Geçmiş ümmetlerde bir adam, halkında gördüğü bozulmalardan
dolayı ailesiyle birlikte uzlete çekilir, kırsalda yaşamaya başlar. Geçimini de
odunculuk yaparak sağlamakta, kıt kanaat geçimini sağlamaktadır. Yine bir gece ailesi
ihtiyaçlarından yakınır ve adam ormana gidip odun keser. Kestiği odunları
pazara götürür ve üç beş kuruşa satıp dönerken bir insan kalabalığı görür. Ne
olduğunu soruşturduğunda bazı kimselerin ağaçtan bir put edindiklerini ve ona
ibadet etmek için toplandıklarını öğrenir.
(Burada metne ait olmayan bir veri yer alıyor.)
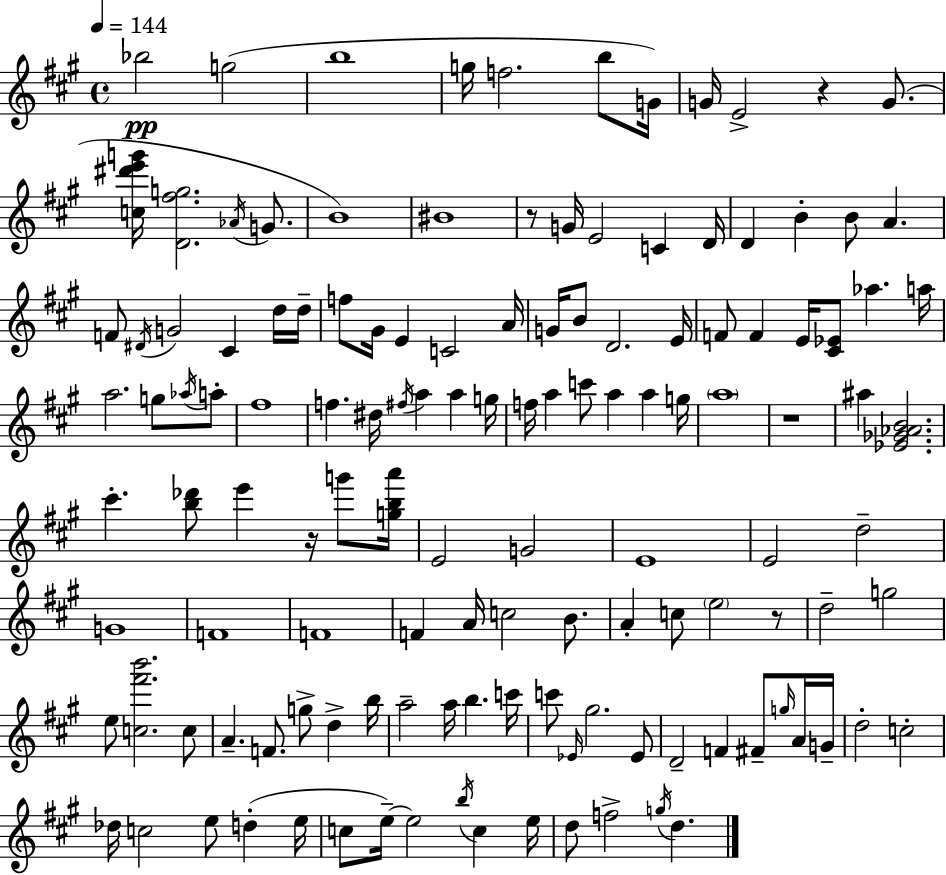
Bb5/h G5/h B5/w G5/s F5/h. B5/e G4/s G4/s E4/h R/q G4/e. [C5,D#6,E6,G6]/s [D4,F#5,G5]/h. Ab4/s G4/e. B4/w BIS4/w R/e G4/s E4/h C4/q D4/s D4/q B4/q B4/e A4/q. F4/e D#4/s G4/h C#4/q D5/s D5/s F5/e G#4/s E4/q C4/h A4/s G4/s B4/e D4/h. E4/s F4/e F4/q E4/s [C#4,Eb4]/e Ab5/q. A5/s A5/h. G5/e Ab5/s A5/e F#5/w F5/q. D#5/s F#5/s A5/q A5/q G5/s F5/s A5/q C6/e A5/q A5/q G5/s A5/w R/w A#5/q [Eb4,Gb4,Ab4,B4]/h. C#6/q. [B5,Db6]/e E6/q R/s G6/e [G5,B5,A6]/s E4/h G4/h E4/w E4/h D5/h G4/w F4/w F4/w F4/q A4/s C5/h B4/e. A4/q C5/e E5/h R/e D5/h G5/h E5/e [C5,F#6,B6]/h. C5/e A4/q. F4/e. G5/e D5/q B5/s A5/h A5/s B5/q. C6/s C6/e Eb4/s G#5/h. Eb4/e D4/h F4/q F#4/e G5/s A4/s G4/s D5/h C5/h Db5/s C5/h E5/e D5/q E5/s C5/e E5/s E5/h B5/s C5/q E5/s D5/e F5/h G5/s D5/q.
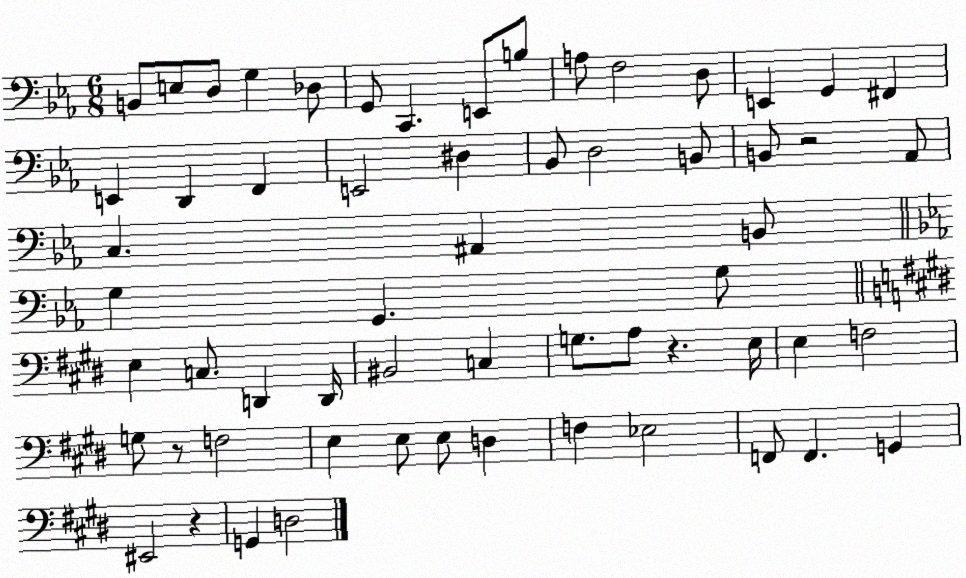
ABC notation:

X:1
T:Untitled
M:6/8
L:1/4
K:Eb
B,,/2 E,/2 D,/2 G, _D,/2 G,,/2 C,, E,,/2 B,/2 A,/2 F,2 D,/2 E,, G,, ^F,, E,, D,, F,, E,,2 ^D, _B,,/2 D,2 B,,/2 B,,/2 z2 _A,,/2 C, ^A,, B,,/2 G, G,, G,/2 E, C,/2 D,, D,,/4 ^B,,2 C, G,/2 A,/2 z E,/4 E, F,2 G,/2 z/2 F,2 E, E,/2 E,/2 D, F, _E,2 F,,/2 F,, G,, ^E,,2 z G,, D,2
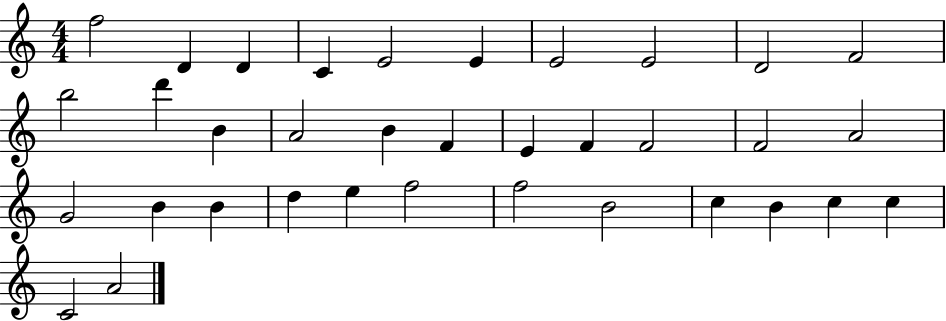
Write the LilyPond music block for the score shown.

{
  \clef treble
  \numericTimeSignature
  \time 4/4
  \key c \major
  f''2 d'4 d'4 | c'4 e'2 e'4 | e'2 e'2 | d'2 f'2 | \break b''2 d'''4 b'4 | a'2 b'4 f'4 | e'4 f'4 f'2 | f'2 a'2 | \break g'2 b'4 b'4 | d''4 e''4 f''2 | f''2 b'2 | c''4 b'4 c''4 c''4 | \break c'2 a'2 | \bar "|."
}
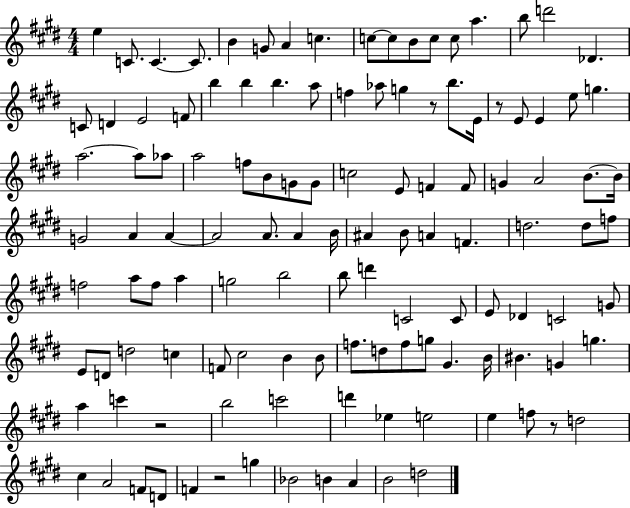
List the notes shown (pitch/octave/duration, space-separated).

E5/q C4/e. C4/q. C4/e. B4/q G4/e A4/q C5/q. C5/e C5/e B4/e C5/e C5/e A5/q. B5/e D6/h Db4/q. C4/e D4/q E4/h F4/e B5/q B5/q B5/q. A5/e F5/q Ab5/e G5/q R/e B5/e. E4/s R/e E4/e E4/q E5/e G5/q. A5/h. A5/e Ab5/e A5/h F5/e B4/e G4/e G4/e C5/h E4/e F4/q F4/e G4/q A4/h B4/e. B4/s G4/h A4/q A4/q A4/h A4/e. A4/q B4/s A#4/q B4/e A4/q F4/q. D5/h. D5/e F5/e F5/h A5/e F5/e A5/q G5/h B5/h B5/e D6/q C4/h C4/e E4/e Db4/q C4/h G4/e E4/e D4/e D5/h C5/q F4/e C#5/h B4/q B4/e F5/e. D5/e F5/e G5/e G#4/q. B4/s BIS4/q. G4/q G5/q. A5/q C6/q R/h B5/h C6/h D6/q Eb5/q E5/h E5/q F5/e R/e D5/h C#5/q A4/h F4/e D4/e F4/q R/h G5/q Bb4/h B4/q A4/q B4/h D5/h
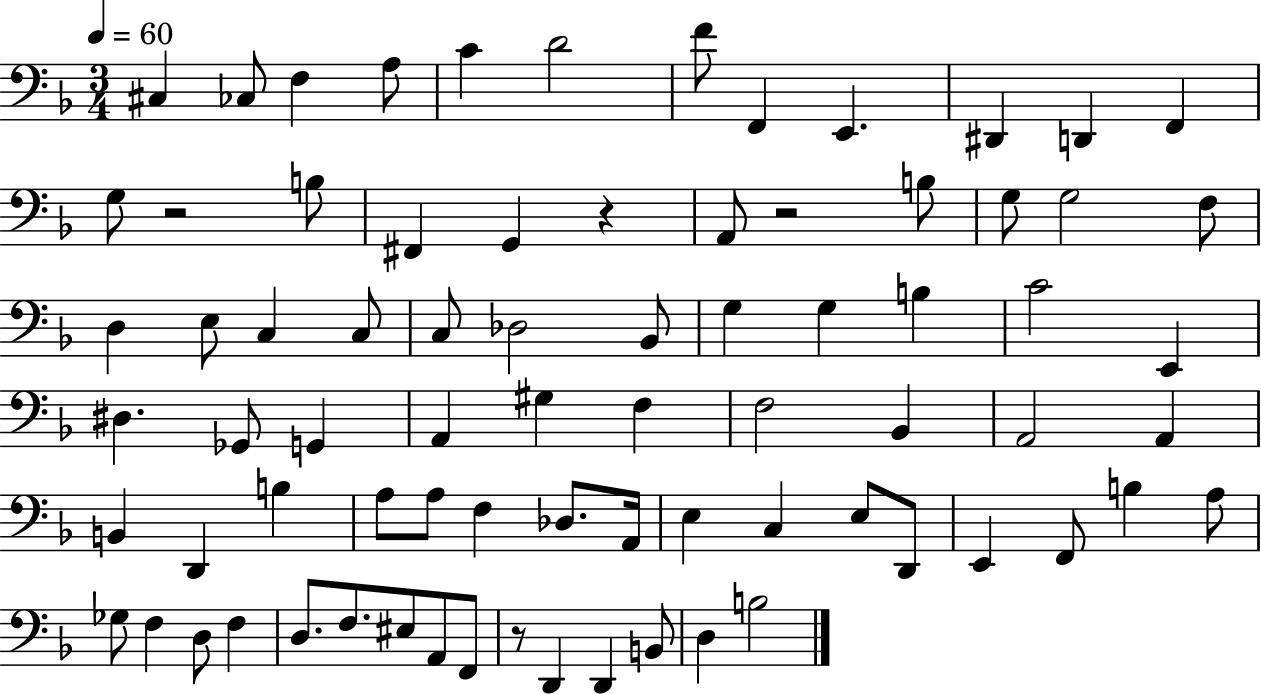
{
  \clef bass
  \numericTimeSignature
  \time 3/4
  \key f \major
  \tempo 4 = 60
  cis4 ces8 f4 a8 | c'4 d'2 | f'8 f,4 e,4. | dis,4 d,4 f,4 | \break g8 r2 b8 | fis,4 g,4 r4 | a,8 r2 b8 | g8 g2 f8 | \break d4 e8 c4 c8 | c8 des2 bes,8 | g4 g4 b4 | c'2 e,4 | \break dis4. ges,8 g,4 | a,4 gis4 f4 | f2 bes,4 | a,2 a,4 | \break b,4 d,4 b4 | a8 a8 f4 des8. a,16 | e4 c4 e8 d,8 | e,4 f,8 b4 a8 | \break ges8 f4 d8 f4 | d8. f8. eis8 a,8 f,8 | r8 d,4 d,4 b,8 | d4 b2 | \break \bar "|."
}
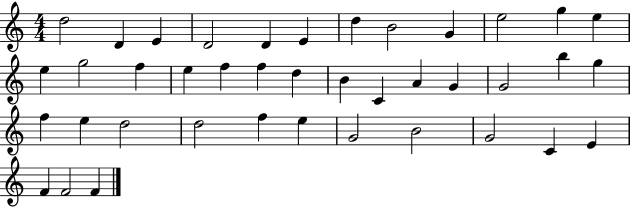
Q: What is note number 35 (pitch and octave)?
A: G4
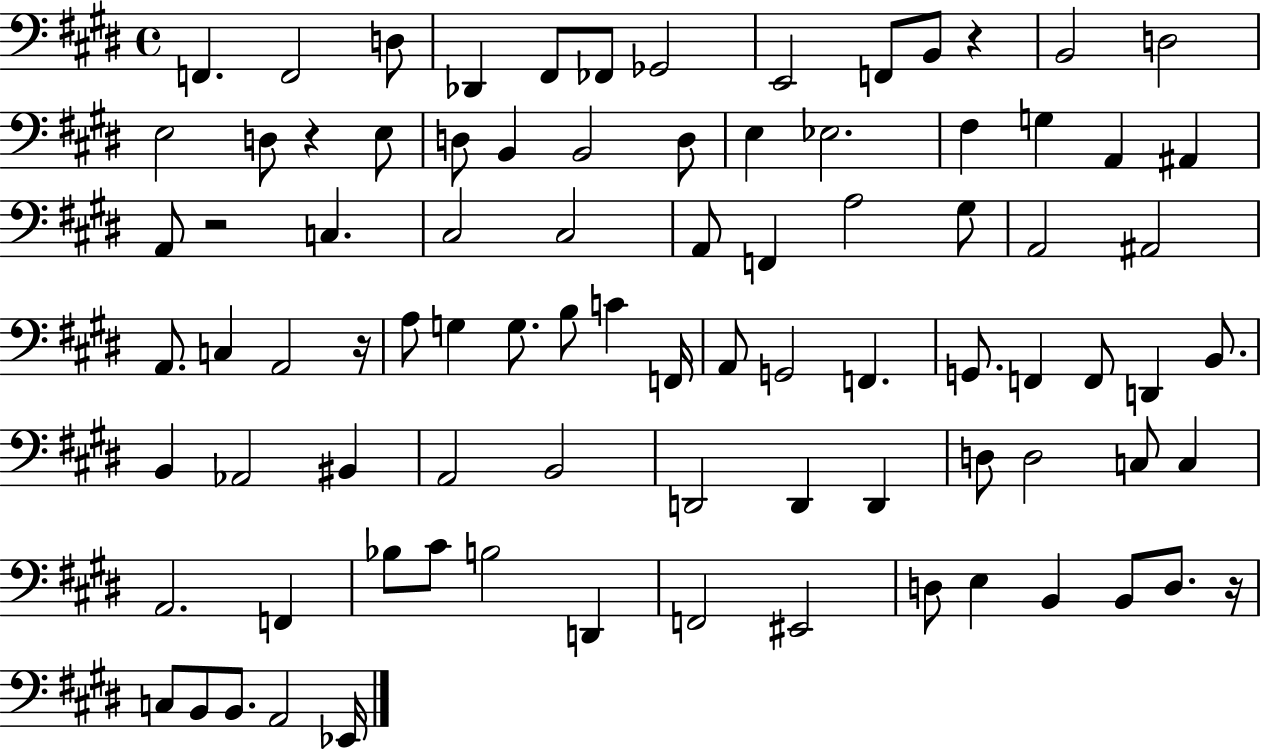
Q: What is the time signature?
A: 4/4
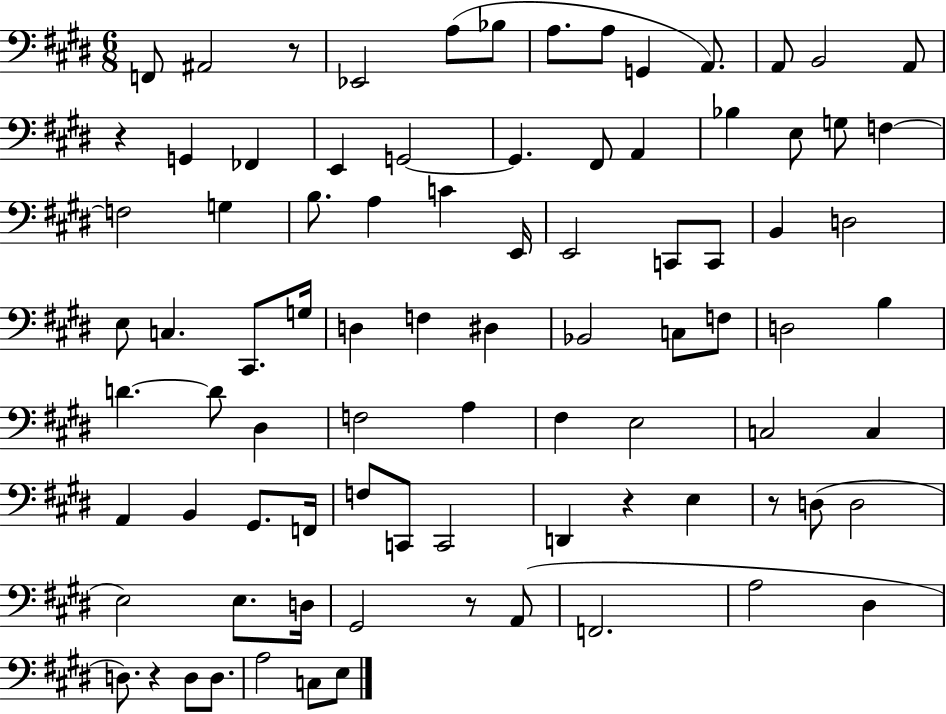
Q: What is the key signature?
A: E major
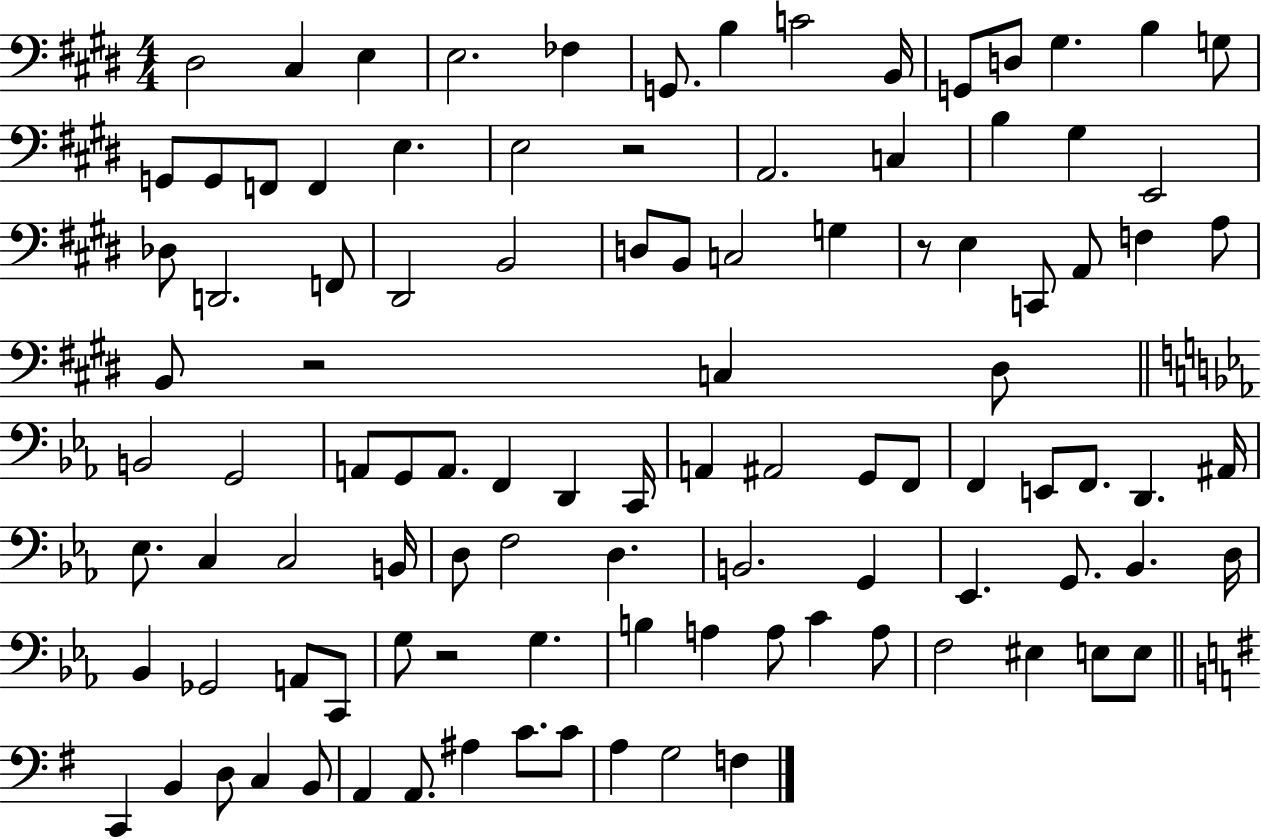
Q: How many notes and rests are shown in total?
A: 104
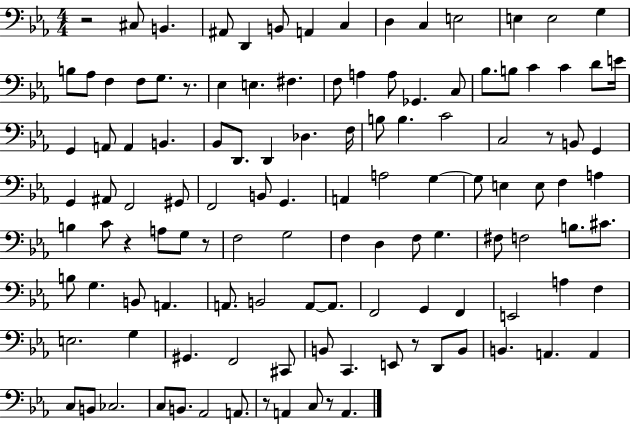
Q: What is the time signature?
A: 4/4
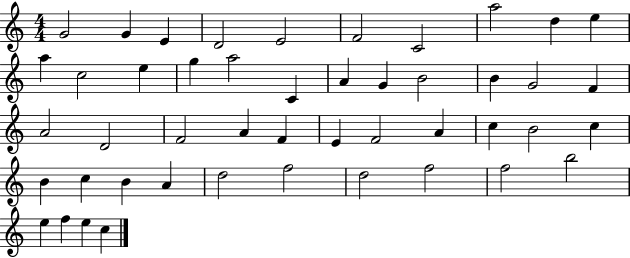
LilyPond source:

{
  \clef treble
  \numericTimeSignature
  \time 4/4
  \key c \major
  g'2 g'4 e'4 | d'2 e'2 | f'2 c'2 | a''2 d''4 e''4 | \break a''4 c''2 e''4 | g''4 a''2 c'4 | a'4 g'4 b'2 | b'4 g'2 f'4 | \break a'2 d'2 | f'2 a'4 f'4 | e'4 f'2 a'4 | c''4 b'2 c''4 | \break b'4 c''4 b'4 a'4 | d''2 f''2 | d''2 f''2 | f''2 b''2 | \break e''4 f''4 e''4 c''4 | \bar "|."
}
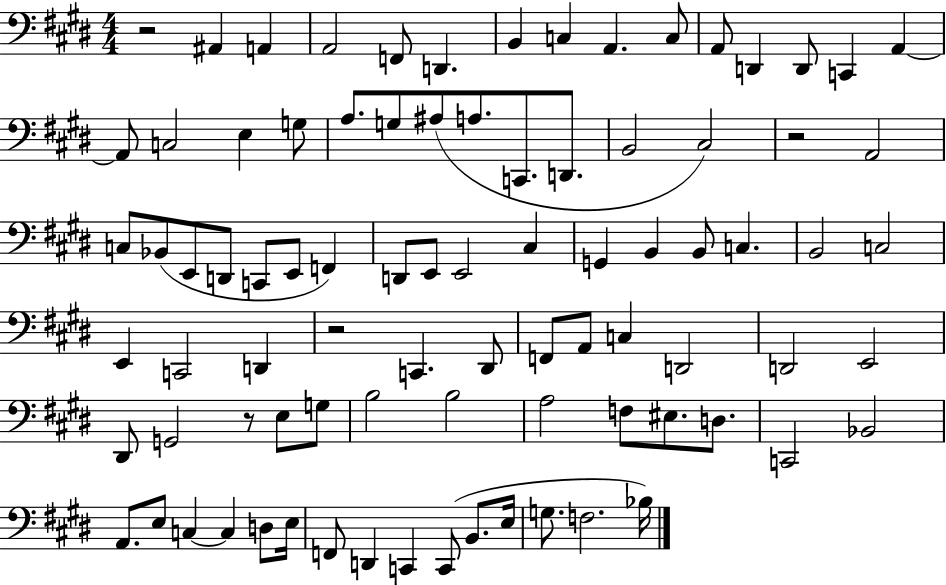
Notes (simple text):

R/h A#2/q A2/q A2/h F2/e D2/q. B2/q C3/q A2/q. C3/e A2/e D2/q D2/e C2/q A2/q A2/e C3/h E3/q G3/e A3/e. G3/e A#3/e A3/e. C2/e. D2/e. B2/h C#3/h R/h A2/h C3/e Bb2/e E2/e D2/e C2/e E2/e F2/q D2/e E2/e E2/h C#3/q G2/q B2/q B2/e C3/q. B2/h C3/h E2/q C2/h D2/q R/h C2/q. D#2/e F2/e A2/e C3/q D2/h D2/h E2/h D#2/e G2/h R/e E3/e G3/e B3/h B3/h A3/h F3/e EIS3/e. D3/e. C2/h Bb2/h A2/e. E3/e C3/q C3/q D3/e E3/s F2/e D2/q C2/q C2/e B2/e. E3/s G3/e. F3/h. Bb3/s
Hemen baltasını alıp putu kırmaya
yönelir. İnsanları aşar ve karşısına o put ile görevli olup insanları
saptırmakta olan şeytan, cüsseli bir adam kılığında karşısına dikilir. Adam,
Allah için ihlâsla başladığı bu işte, insan kılığındaki bu şeytanı yere serer ve
gırtlağına sarılıp öldürmek üzereyken şeytan der ki:
“Sana bir teklifim var! Beni bırak, bu putu da bırak. Bunu yıksan bile insanlar onun yerine başka bir ağaç bulurlar. Buna karşılık her
sabah yastığının altında bir altın bulacaksın. Zaten fakir bir adamsın, çoluk çocuğunu düşün. Dediğim gibi olmazsa, yastığının altında altın bulamazsan yarın gelir
bu ağacı yine yıkarsın.” Adam geçim sıkıntılarını, çocuklarının yakınmalarını
düşünür ve bu teklifi kabul eder.
Her sabah yastığının altında bir altın bulmaktadır ve
böylece geçimi düzelir, müreffeh bir şekilde yaşamaya başlar. Derken bir sabah
yastığının altında altın bulamaz, sinirlenir ve baltasını alıp tapınılan ağaca
doğru yönelir. O puttan sorumlu olan şeytan yine karşısına çıkar, bu defa
şeytan adamı yere serer ve der ki:
“Artık geçti! İlk geldiğinde Allah için ihlâs ile gelmiştin
ve beni de yenmiştin. Ama artık bu gelişin Allah için değil, kişisel
menfaatlerini dinin önüne geçirdin ve bütün kuvvetin gitti. Allah’ın
yardımından da mahrum kaldın!”
Kıssa benzer şekilde Ebu Talib el-Mekki'nin Kutu'l-Kulub'unda (2/272) Gazali'nin İhya'sında ve Kazvini'nin Acaibu'l-Mahlukat'ında İsrailiyyat kıssası olarak nakledilmiştir.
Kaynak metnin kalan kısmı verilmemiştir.